Jason Merrill <jason@redhat.com> writes:

| >>>>> "Benjamin" == Benjamin Kosnik <bkoz@redhat.com> writes:
| 
| >> No, but the patch under discussion changes several static data members to
| >> be inherited, so the mangled name is different.  If the default is wrong
| >> for a type, it must be overridden in the (derived) specialization, so the
| >> mangled name depends on whether or not the default is correct.
| 
| > Hmm. Well, numeric_limits only has meaning as a specialization. For the
| > required specializations, no derivation is required. It stands to reason
| > that non-required, user-defined specializations would also not be
| > derivations.
| 
| True.  But if it only has meaning as a specialization, why was the change
| useful in the first place?

On first sight, it was thought (admitely, wrongly) that the
ducplicate-symbol problem was coming from the library side whereas, in
fact, it was a compiler problem.  
A reason why I approved it is that it contributes to reduce the footprint.

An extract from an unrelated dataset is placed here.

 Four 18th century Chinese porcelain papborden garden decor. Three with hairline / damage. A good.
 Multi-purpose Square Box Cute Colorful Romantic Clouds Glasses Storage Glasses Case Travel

| > The idea that now __numeric_limits_base* is in the exported symbols list 
| > is the bit that personally makes me nervous. I thought this was the part 
| > that you were nervous about.
| 
| I was concerned about changing the mangled name of, say,
| 
|   std::numeric_limits<std::string>::is_integer

How can a conforming program be affected, now that the corresponding
symbol definition is kept in a single place?